▸ What is expected
Extract, unchanged, each line of the listing below from its first line through the line that contains "Monsun Jakna MX480-MX4 Base Layer", inclusive, and nothing else.

▸ Given records
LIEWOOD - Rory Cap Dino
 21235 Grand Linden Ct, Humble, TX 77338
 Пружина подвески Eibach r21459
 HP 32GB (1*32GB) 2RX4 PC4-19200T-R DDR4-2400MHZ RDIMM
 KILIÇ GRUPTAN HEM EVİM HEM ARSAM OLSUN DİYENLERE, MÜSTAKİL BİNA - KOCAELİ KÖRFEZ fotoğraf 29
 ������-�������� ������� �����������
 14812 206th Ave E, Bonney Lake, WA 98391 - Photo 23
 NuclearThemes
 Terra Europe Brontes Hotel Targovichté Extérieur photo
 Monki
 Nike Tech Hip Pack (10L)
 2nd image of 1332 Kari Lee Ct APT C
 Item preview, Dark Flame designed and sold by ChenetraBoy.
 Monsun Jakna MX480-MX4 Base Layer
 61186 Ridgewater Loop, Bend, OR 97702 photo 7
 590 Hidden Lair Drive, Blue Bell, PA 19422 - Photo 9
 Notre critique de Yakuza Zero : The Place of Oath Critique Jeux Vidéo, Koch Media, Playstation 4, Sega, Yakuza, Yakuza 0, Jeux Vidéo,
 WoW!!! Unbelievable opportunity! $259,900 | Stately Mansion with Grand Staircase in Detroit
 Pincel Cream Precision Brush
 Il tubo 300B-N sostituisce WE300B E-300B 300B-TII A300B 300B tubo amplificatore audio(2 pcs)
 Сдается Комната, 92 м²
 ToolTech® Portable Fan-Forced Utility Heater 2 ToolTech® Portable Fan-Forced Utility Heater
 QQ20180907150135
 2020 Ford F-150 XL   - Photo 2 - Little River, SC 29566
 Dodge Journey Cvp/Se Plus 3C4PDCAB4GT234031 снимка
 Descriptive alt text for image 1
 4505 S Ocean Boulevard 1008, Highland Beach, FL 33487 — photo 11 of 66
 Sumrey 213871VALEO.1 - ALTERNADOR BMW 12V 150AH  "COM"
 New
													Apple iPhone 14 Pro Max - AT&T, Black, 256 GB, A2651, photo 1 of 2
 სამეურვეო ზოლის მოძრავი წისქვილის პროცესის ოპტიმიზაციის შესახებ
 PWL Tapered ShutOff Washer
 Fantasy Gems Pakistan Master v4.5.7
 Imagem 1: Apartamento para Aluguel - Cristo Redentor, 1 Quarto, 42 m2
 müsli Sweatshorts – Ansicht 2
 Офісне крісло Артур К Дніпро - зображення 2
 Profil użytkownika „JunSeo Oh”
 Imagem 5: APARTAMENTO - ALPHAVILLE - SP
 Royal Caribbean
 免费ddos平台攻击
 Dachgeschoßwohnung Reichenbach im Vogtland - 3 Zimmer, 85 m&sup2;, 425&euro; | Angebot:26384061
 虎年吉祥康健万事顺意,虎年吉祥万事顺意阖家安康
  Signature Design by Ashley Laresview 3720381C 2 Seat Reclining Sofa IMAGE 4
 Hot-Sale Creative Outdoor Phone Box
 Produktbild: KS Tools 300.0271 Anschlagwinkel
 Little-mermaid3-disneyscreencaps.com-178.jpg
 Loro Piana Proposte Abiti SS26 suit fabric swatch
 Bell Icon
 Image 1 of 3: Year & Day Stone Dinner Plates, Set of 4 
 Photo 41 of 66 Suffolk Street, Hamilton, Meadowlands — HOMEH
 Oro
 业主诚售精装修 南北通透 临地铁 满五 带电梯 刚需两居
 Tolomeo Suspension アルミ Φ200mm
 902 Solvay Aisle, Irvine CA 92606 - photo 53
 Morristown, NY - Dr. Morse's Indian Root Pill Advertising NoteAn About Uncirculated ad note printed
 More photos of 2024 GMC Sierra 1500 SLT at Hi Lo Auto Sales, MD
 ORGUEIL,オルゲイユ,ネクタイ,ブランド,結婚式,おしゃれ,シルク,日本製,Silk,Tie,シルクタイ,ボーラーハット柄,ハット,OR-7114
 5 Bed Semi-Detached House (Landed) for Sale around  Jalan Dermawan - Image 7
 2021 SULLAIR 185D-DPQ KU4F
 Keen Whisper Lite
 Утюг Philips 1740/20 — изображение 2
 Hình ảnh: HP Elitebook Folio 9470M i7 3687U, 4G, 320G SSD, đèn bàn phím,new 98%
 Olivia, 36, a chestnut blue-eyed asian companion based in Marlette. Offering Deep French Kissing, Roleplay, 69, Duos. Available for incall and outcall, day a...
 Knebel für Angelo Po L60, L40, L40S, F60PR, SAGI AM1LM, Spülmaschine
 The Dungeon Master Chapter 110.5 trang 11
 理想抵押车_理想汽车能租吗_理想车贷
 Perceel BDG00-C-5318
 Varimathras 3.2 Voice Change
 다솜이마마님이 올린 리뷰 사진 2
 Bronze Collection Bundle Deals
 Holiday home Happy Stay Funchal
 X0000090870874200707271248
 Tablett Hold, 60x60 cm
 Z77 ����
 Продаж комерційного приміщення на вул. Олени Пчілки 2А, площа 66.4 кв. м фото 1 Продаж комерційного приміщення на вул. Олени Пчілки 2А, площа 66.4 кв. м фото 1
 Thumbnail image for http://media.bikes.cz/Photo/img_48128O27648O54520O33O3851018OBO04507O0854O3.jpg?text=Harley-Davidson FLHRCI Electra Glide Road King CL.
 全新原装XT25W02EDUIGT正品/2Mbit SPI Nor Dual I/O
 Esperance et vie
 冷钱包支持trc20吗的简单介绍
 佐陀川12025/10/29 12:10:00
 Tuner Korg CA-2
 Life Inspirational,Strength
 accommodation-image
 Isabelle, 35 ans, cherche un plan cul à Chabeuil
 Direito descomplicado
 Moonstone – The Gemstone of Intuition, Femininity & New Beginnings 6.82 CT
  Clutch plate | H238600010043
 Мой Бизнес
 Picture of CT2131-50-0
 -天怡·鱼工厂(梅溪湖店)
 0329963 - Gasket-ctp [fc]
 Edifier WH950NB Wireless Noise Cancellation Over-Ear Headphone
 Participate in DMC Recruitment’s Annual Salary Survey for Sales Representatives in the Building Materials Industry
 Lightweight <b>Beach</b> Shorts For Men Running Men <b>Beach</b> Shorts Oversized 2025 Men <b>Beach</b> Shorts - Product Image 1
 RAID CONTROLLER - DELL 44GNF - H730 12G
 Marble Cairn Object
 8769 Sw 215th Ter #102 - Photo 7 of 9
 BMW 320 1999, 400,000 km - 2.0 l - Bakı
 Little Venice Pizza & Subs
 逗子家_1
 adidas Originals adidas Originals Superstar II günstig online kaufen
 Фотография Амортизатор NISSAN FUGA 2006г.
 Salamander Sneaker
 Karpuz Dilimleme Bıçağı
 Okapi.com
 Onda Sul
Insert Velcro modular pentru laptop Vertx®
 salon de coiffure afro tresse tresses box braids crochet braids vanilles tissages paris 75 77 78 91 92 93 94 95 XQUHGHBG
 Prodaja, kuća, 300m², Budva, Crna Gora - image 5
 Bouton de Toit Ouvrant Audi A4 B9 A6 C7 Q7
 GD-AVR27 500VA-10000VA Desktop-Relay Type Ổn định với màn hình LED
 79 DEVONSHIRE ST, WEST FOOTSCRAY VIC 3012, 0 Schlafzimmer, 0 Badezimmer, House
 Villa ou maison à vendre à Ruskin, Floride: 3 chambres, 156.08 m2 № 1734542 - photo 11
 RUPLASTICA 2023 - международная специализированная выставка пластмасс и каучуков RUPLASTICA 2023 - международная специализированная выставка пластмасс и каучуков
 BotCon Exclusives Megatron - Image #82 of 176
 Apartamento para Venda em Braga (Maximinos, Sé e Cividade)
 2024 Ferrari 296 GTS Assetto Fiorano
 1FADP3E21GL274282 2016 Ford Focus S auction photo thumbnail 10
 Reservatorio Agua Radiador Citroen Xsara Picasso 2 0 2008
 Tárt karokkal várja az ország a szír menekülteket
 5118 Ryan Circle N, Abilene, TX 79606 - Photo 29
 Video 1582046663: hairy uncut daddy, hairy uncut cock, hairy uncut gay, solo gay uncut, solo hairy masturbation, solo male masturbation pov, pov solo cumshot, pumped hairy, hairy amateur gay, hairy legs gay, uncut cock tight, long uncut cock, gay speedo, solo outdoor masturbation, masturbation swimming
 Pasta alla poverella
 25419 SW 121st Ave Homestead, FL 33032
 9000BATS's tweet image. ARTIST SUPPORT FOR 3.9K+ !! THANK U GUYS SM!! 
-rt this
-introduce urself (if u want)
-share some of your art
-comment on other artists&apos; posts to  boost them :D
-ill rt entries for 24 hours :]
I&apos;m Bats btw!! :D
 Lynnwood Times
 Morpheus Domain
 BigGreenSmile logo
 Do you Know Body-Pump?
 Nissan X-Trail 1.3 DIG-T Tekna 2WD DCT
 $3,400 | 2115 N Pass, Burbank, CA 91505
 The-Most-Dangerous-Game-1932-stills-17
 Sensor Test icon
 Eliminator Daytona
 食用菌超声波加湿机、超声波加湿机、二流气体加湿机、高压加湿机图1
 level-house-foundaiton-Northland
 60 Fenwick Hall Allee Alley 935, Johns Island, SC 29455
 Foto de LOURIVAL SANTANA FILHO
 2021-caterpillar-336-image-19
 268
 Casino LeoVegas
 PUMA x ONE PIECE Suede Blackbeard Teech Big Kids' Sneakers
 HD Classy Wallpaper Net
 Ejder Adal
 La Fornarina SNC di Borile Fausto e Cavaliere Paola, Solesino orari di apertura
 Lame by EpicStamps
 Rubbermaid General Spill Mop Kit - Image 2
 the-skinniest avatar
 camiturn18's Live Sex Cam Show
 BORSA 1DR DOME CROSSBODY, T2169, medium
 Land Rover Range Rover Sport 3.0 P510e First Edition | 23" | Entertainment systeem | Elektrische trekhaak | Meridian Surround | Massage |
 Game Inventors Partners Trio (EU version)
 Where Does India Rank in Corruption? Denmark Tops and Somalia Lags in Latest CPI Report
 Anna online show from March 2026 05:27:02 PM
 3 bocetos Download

▸ Answer for the task
LIEWOOD - Rory Cap Dino
 21235 Grand Linden Ct, Humble, TX 77338
 Пружина подвески Eibach r21459
 HP 32GB (1*32GB) 2RX4 PC4-19200T-R DDR4-2400MHZ RDIMM
 KILIÇ GRUPTAN HEM EVİM HEM ARSAM OLSUN DİYENLERE, MÜSTAKİL BİNA - KOCAELİ KÖRFEZ fotoğraf 29
 ������-�������� ������� �����������
 14812 206th Ave E, Bonney Lake, WA 98391 - Photo 23
 NuclearThemes
 Terra Europe Brontes Hotel Targovichté Extérieur photo
 Monki
 Nike Tech Hip Pack (10L)
 2nd image of 1332 Kari Lee Ct APT C
 Item preview, Dark Flame designed and sold by ChenetraBoy.
 Monsun Jakna MX480-MX4 Base Layer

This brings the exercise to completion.